About this task >> Using the data below, return word for word every line from the one holding "Pet care in Saint-Colomban - Beatrice G." down to the one holding "Roxy thumbnail 5". Leave pictures out.

Input for this task >>

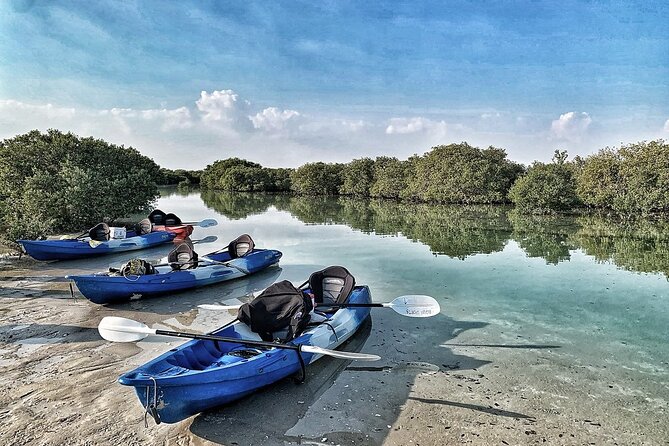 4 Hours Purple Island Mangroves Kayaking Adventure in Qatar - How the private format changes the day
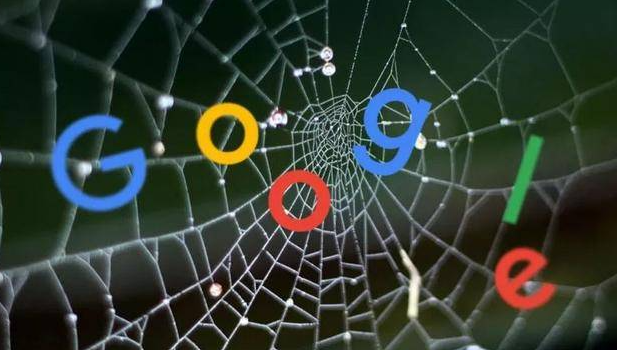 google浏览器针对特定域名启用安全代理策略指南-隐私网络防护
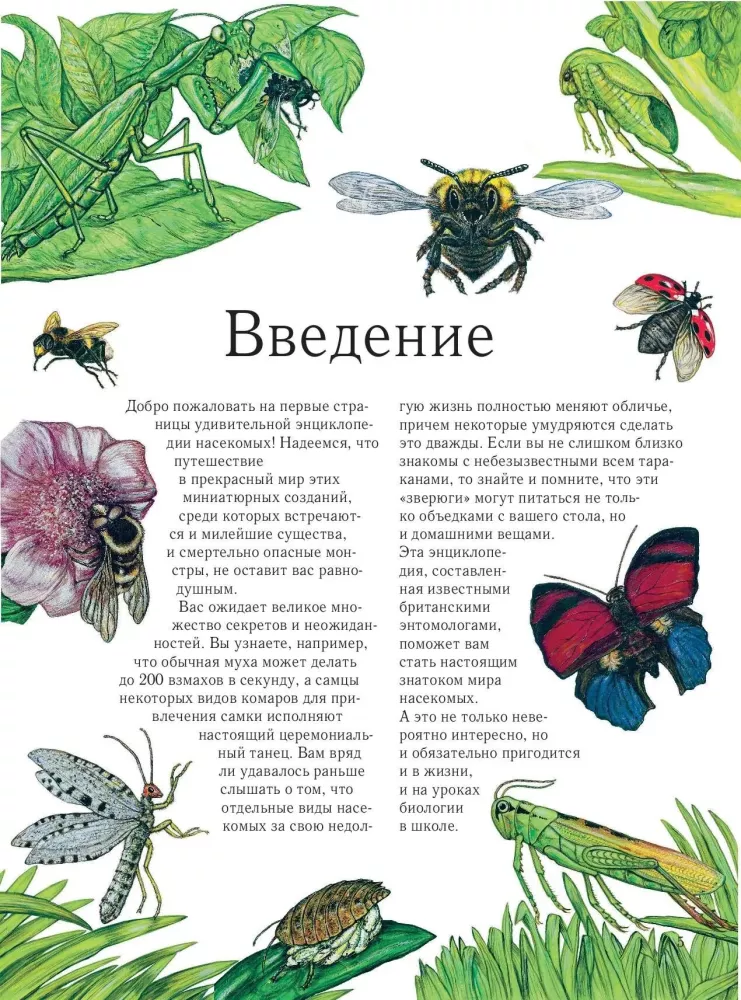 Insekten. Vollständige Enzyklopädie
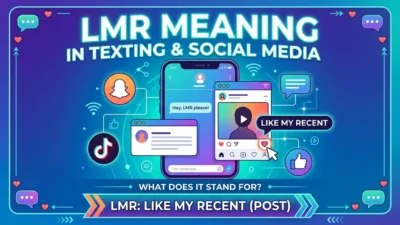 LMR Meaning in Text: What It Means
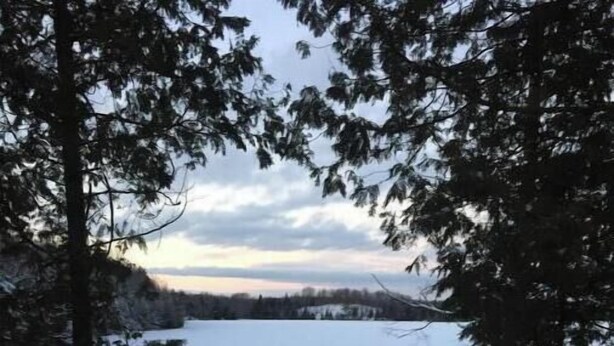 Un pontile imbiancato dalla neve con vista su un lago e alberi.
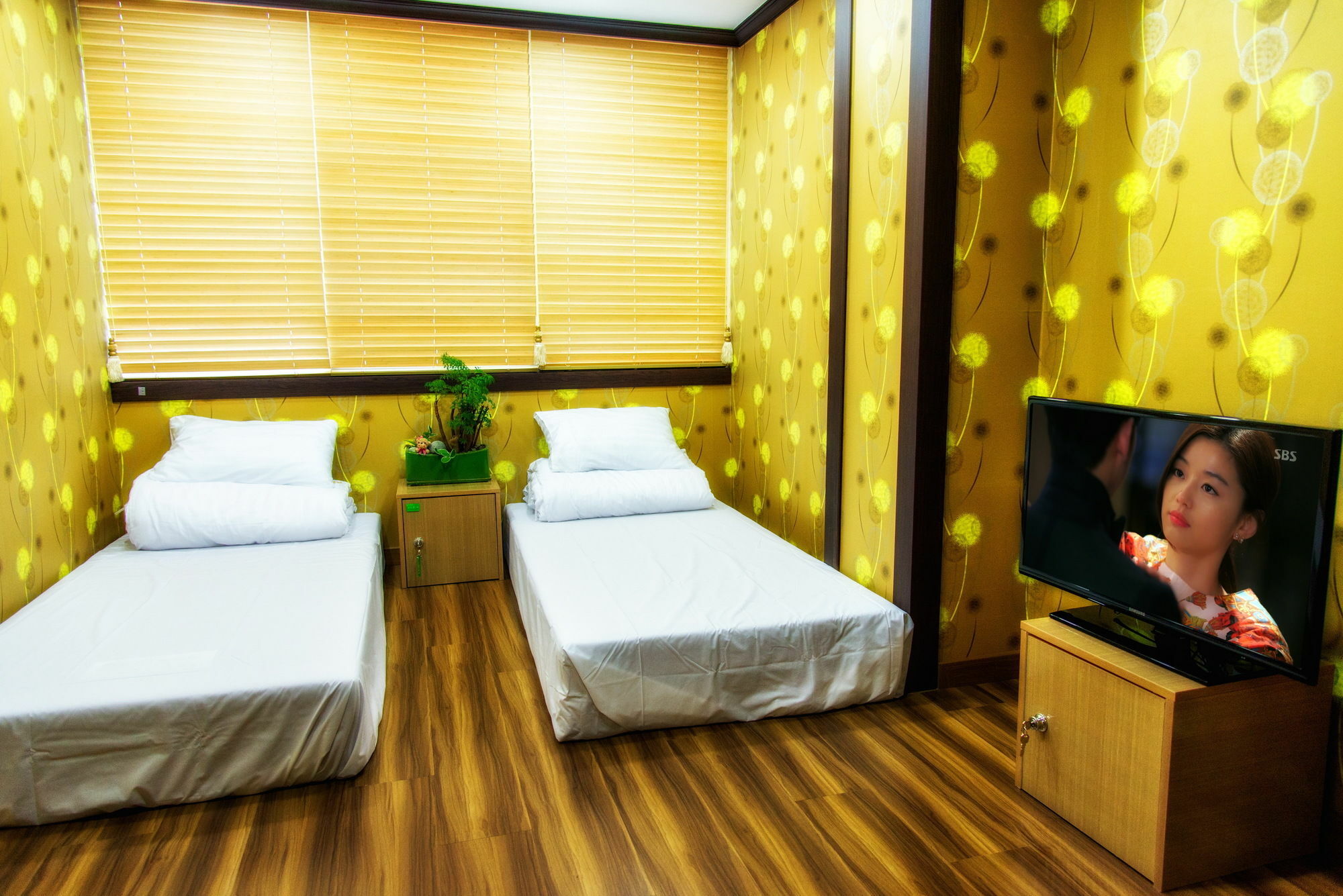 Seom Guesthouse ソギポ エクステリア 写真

==

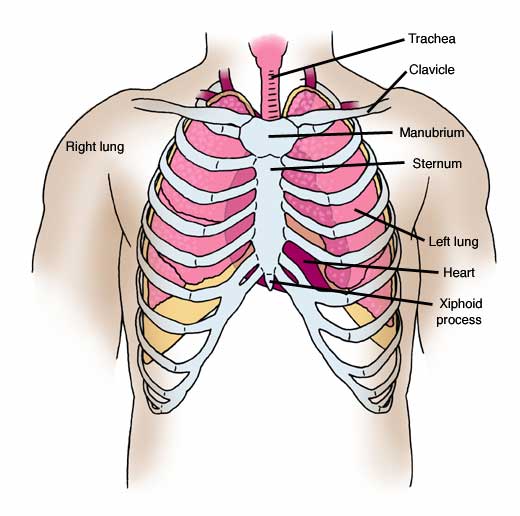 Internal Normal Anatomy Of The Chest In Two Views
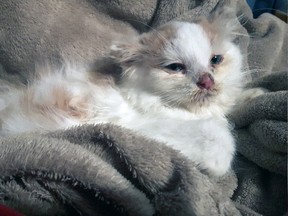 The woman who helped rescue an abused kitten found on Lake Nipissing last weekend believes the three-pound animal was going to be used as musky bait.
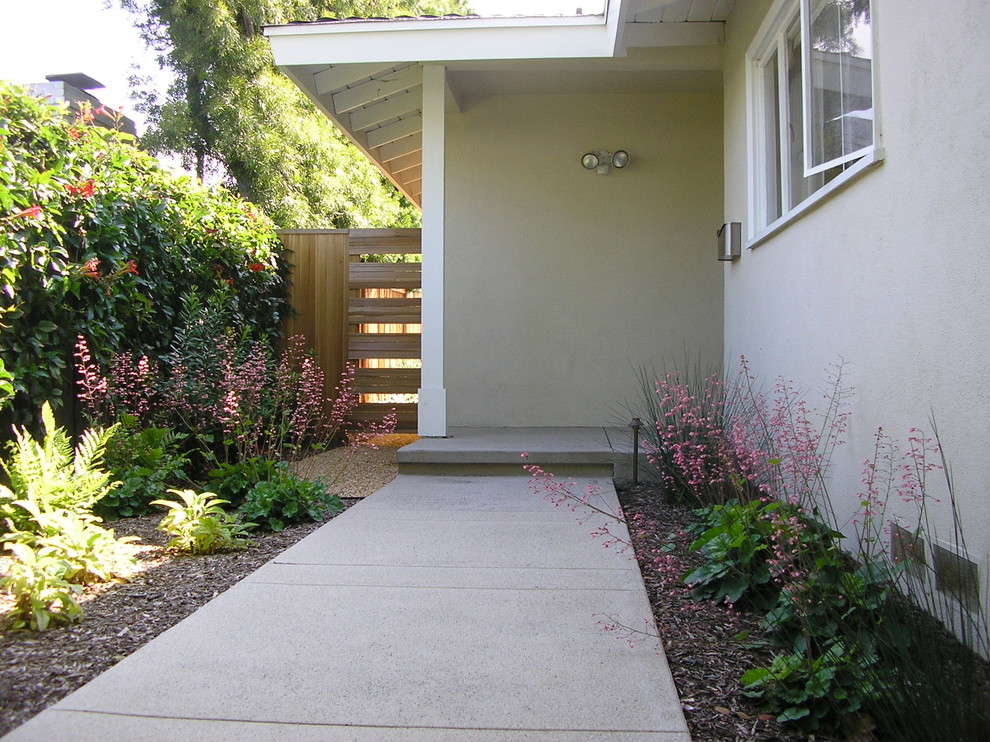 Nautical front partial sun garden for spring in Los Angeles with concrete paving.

==

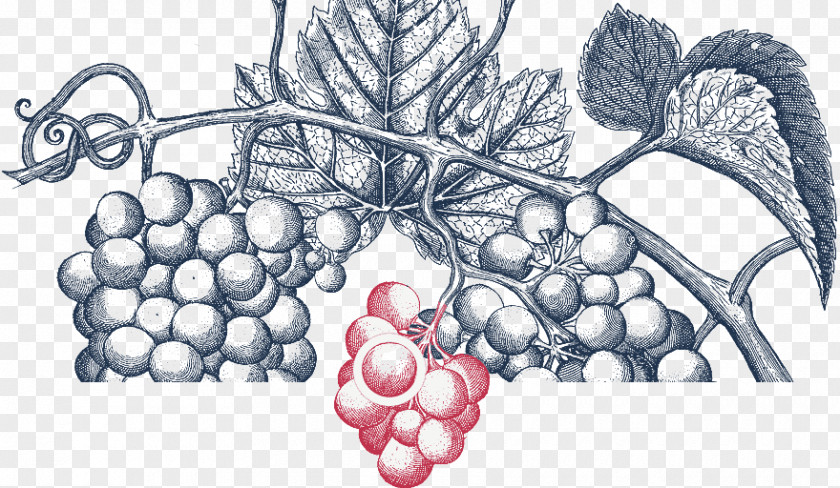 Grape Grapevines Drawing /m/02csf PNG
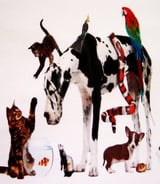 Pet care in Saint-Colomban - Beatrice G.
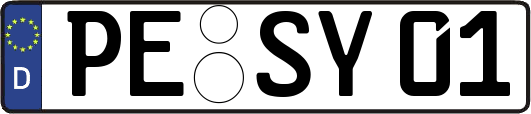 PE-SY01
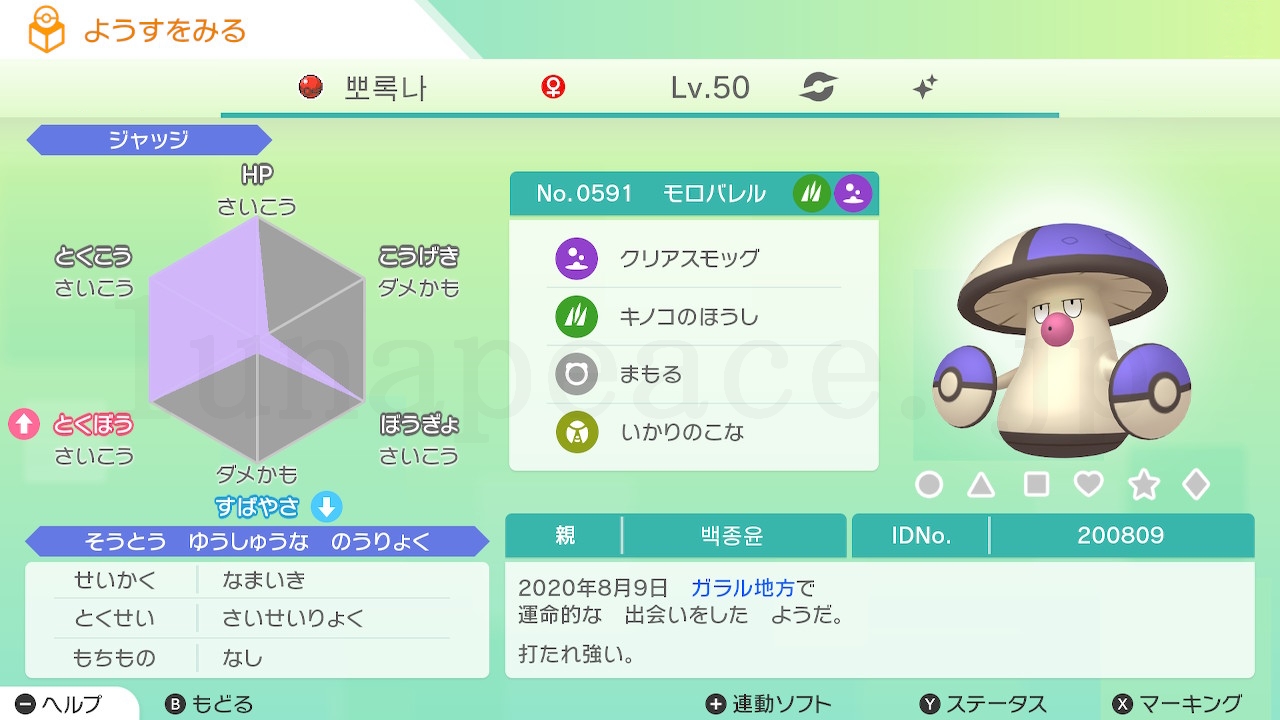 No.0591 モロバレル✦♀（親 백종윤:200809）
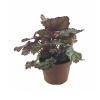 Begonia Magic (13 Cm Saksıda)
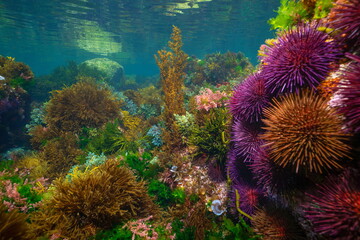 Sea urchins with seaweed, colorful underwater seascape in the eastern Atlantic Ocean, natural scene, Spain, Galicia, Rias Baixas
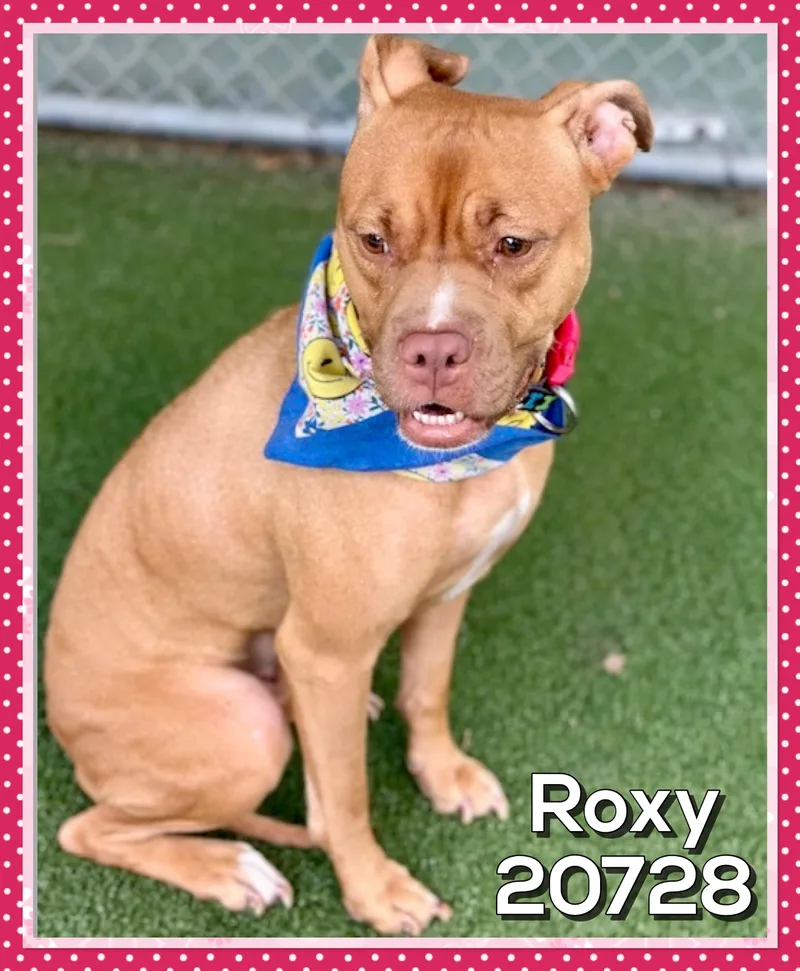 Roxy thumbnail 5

Written answer >>
 Pet care in Saint-Colomban - Beatrice G.
 PE-SY01
 No.0591 モロバレル✦♀（親 백종윤:200809）
 Begonia Magic (13 Cm Saksıda)
 Sea urchins with seaweed, colorful underwater seascape in the eastern Atlantic Ocean, natural scene, Spain, Galicia, Rias Baixas
 Roxy thumbnail 5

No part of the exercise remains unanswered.